Without interaction With only main effects, we assume that the two independent variables do not impact the relationship that the other has with birth weight.
With interaction, we assume that age impacts the relationship that the weight of the mother at delivery has on the weight of their child at birth.
Interpretation of the interaction term: It is likely, in this case, that the older women get, the more their weight at the time of birth negatively impacts the weight of their child.
Tip Unless x1= 0 and x2= 0 are meaningful in your dataset, you may end up with strange values for the intercept or other main effect estimates. If this happens, try centering continuous variables.
median(birthwt$lwt)
## [1] 121
## [1] 121
birthwt$lwtc <- birthwt$lwt - 121
m3 <- lm(bwt ~ agec * lwtc, data = birthwt)
summary(m3)
##
## Call:
## lm(formula = bwt ~ agec * lwtc, data = birthwt)
##
## Residuals:
## Min 1Q Median 3Q Max
## -2258.87 -477.29 16.28 512.40 1824.01
##
## Coefficients:
## Estimate Std. Error t value Pr(>|t|)
## (Intercept) 2912.1115 54.8888 53.055 <2e-16 ***
## agec 11.7363 10.8076 1.086 0.279
## lwtc 4.4237 1.7645 2.507 0.013 *
## agec:lwtc -0.2992 0.3227 -0.927 0.355
## ---
## Signif. codes: 0 '***' 0.001 '**' 0.01 '*' 0.05 '.' 0.1 ' ' 1
##
## Residual standard error: 719.4 on 185 degrees of freedom
## Multiple R-squared: 0.04229, Adjusted R-squared: 0.02676
## F-statistic: 2.723 on 3 and 185 DF, p-value: 0.04569
Now interpret the coefficient of all variables here.
For every additional year of age of the mother, and holding all else constant, birth weight increases by 11.7. However, for every additional pound of weight for the mother at time of birth, the baby’s birth increases (on average) by 4.4. The former relationship is not statistically significant but the latter one is. Finally, the interaction term shows us that the degree to which the mother’s weight impacts the baby’s decreases as they age very slightly. This is also not statistically significant.
library(ggplot2)
nd <- expand.grid(agec = seq(15, 35, 5) - 23, lwtc = seq(75, 200, 25) - 121)
nd$pred <- predict(m3, newdata = nd)
nd$age <- nd$agec + 23
nd$lwt <- nd$lwtc + 121
qplot(age, pred, data = nd, color = factor(lwt), geom = "line") + ylim(2000, 4000)
## Warning: `qplot()` was deprecated in ggplot2 3.4.0.
## This warning is displayed once every 8 hours.
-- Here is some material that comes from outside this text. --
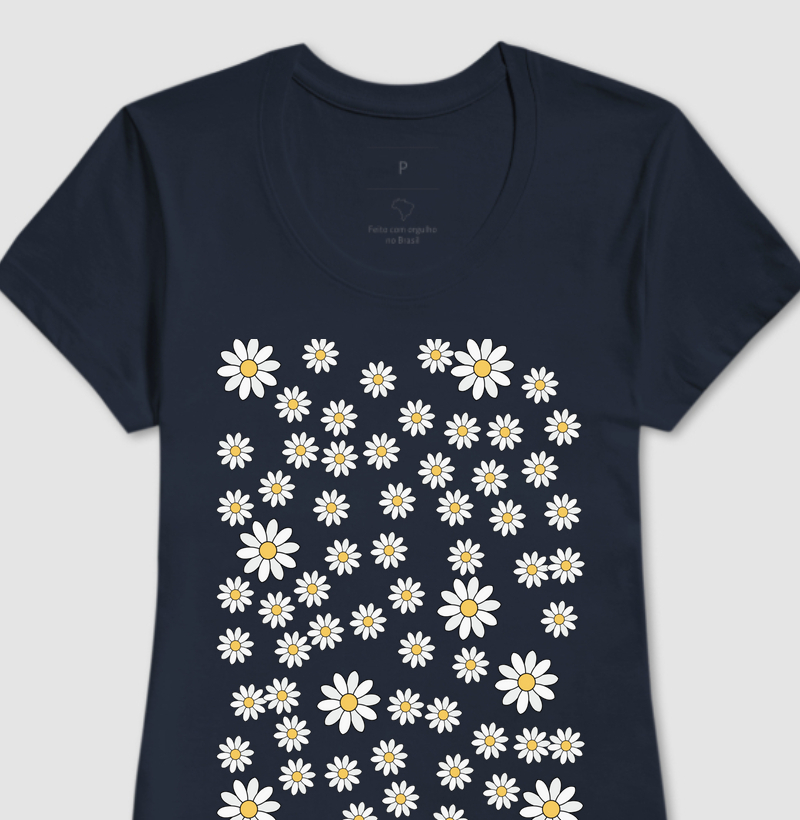MARGARIDA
## Call `lifecycle::last_lifecycle_warnings()` to see where this warning was
## generated.
qplot(lwt, pred, data = nd, color = factor(age), geom = "line") + ylim(2000, 4000)
Question: which plot makes more sense, and why?
I think the chart with age as the x-axis makes more sense to interpret, as it plainly shows that the predicted weight decrases with age and that the weight of the mother matters less over time as it relates to the baby’s weight.